Falando assim o peito de Guaraciaba ofegava de indignação, seus olhos cintilavam como diamantes entre as sombras da caverna, e seu talhe e colo elevavamse garbosos como o da ema, rainha das campinas, quando irritada se ergue contra aquele que pretende roubar-lhe o ninho. Em seu orgulhoso porte, na altivez de sua nobre linguagem, revelava-se a descendente de heróicos caciques, a verdadeira princesa das florestas. A estas nobres e severas palavras de Guaraciaba Inimá sentiu gelar-se-lhe no coração toda a sua cólera, e esteve a ponto de cair de rojo a seus pés suplicando-lhe perdão; mas Itajiba ali estava, o orgulho o conteve e balbuciou apenas timidamente estas palavras:
— Perdoa-me, formosa filha de Oriçanga, se te ofendi com minhas rudes falas; a cólera, o amor, o ciúme me desvairam... Vai, gentil Guaraciaba , vai tranqüila recolher-te à sombra da taba, onde sem dúvida teu pai te espera na mais ansiosa inquietação. Mas esse vil forasteiro, que te acompanha, esse sedutor infame pertence-me; há entre mim e ele um pleito de vida e morte, o qual é forçoso que hoje mesmo fique decidido.
— Inimá, bradou ela com império, este estrangeiro acompanhou-me por vontade minha, e deve comigo voltar às tabas. Itajiba, acompanha-me; guerreiros, segui-me e guiai-nos à taba de meu pai.

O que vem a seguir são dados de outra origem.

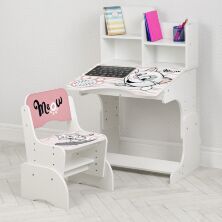 Дитяча регульована парта зі стільчиком для дівчинки растишка Bambi W2071-110-2(UA)(EN) / "Кішка" біла**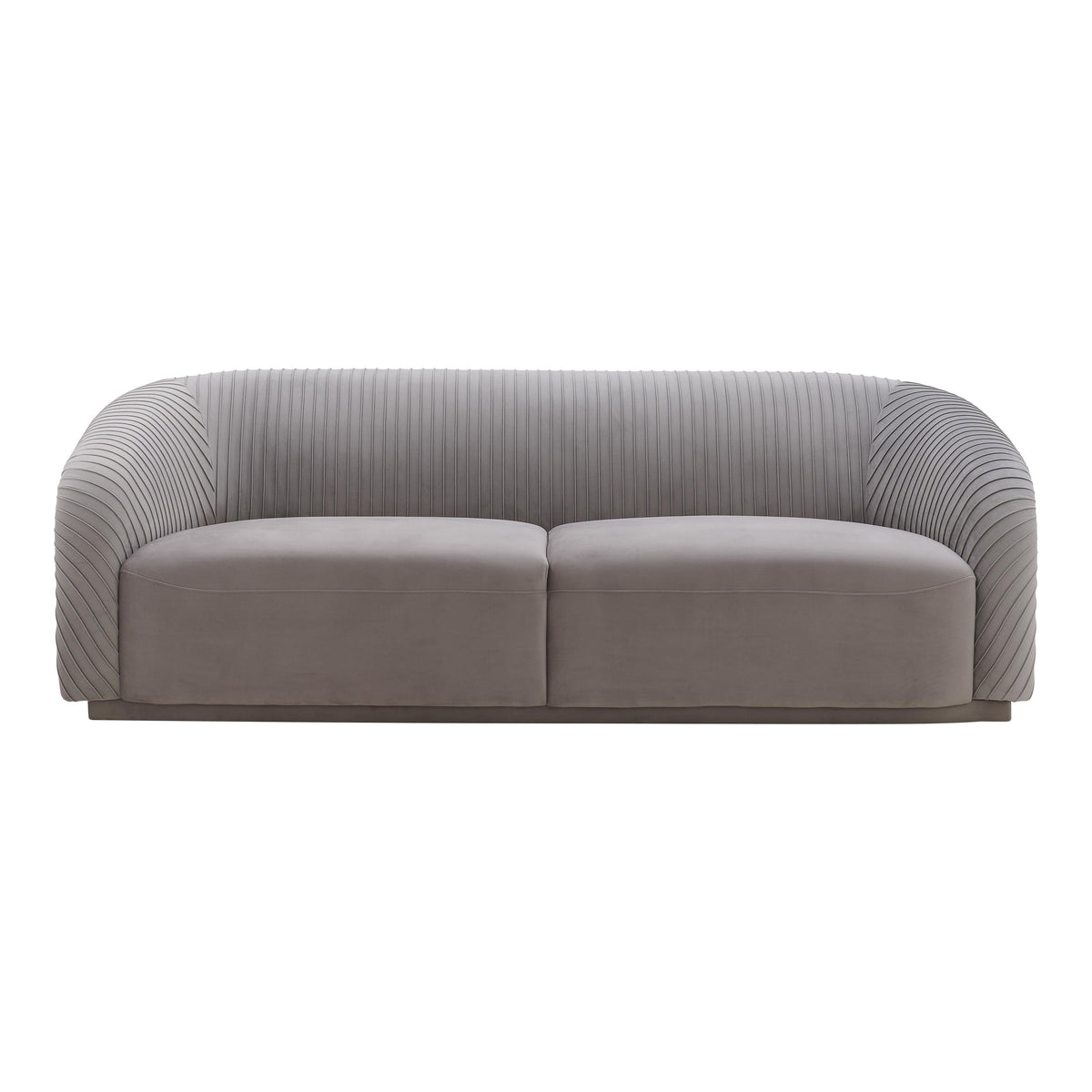 Yara Pleated Grey Performance Velvet Sofa By Inspire Me! Home Decor by TOV Furniture – photo 1 of 7
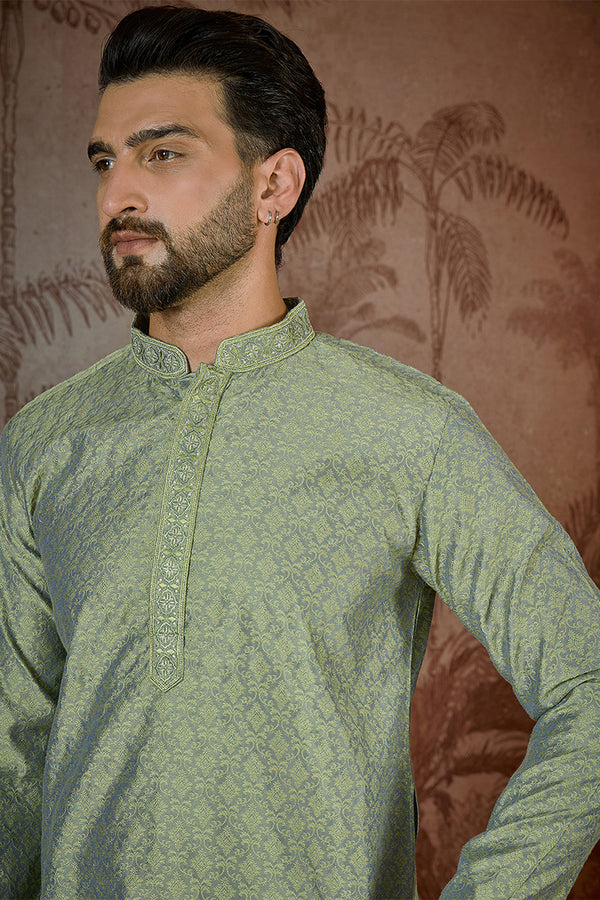 Green Jacquard Solid Embroidered Kurta With Trouser MKSET2499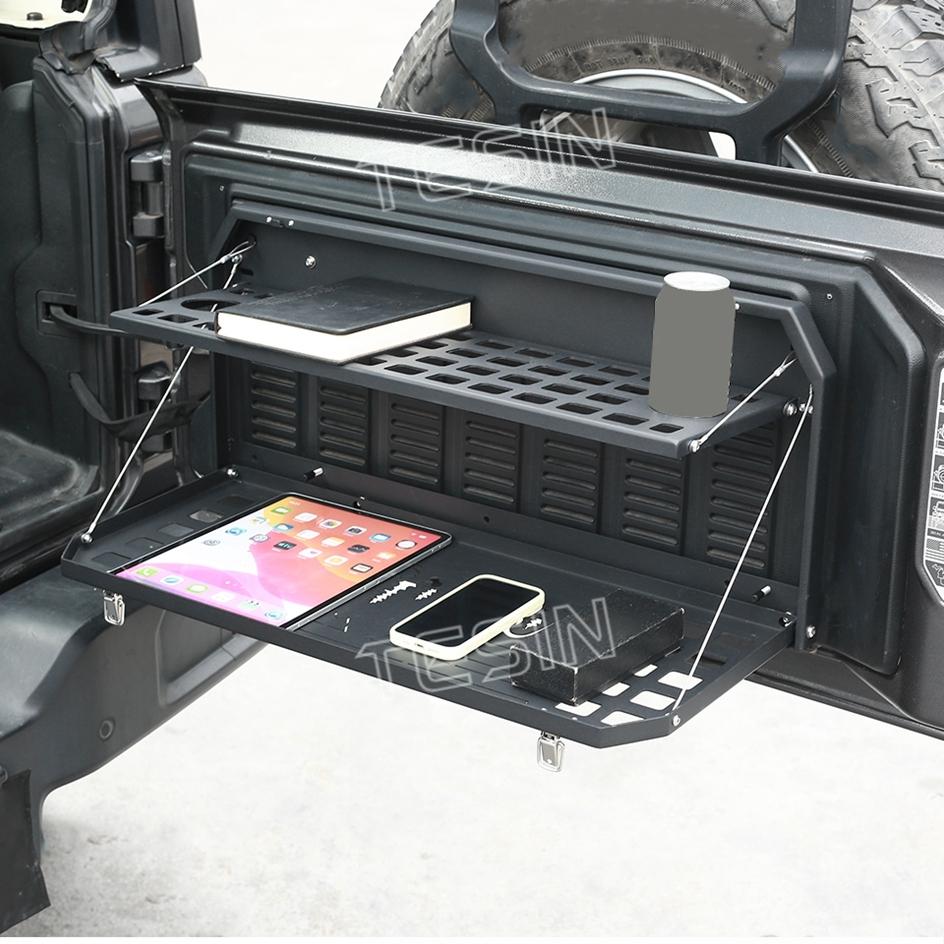 TESIN Car Tailgate Table Rear Door Foldable Shelf Cargo Luggage Storage Rack for Jeep Wrangler JK JL 2007-2022 2023 Accessories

Inimá, subjugado por aquelas imperiosas palavras, nada replicou; receava mais a indignação daquela delicada virgem do que todo o valor e destreza de seu audaz e intrépido rival. Comprimiu pois todo o seu orgulho bem no fundo da alma, e acompanhou silenciosamente aos outros sem nada compreender das intenções da filha de Oriçanga. Mas aquela submissão e deferência já vinham tarde e de nada já lhe podiam servir. A sentença do jovem cacique estava irrevogavelmente lavrada no espírito de Guaraciaba.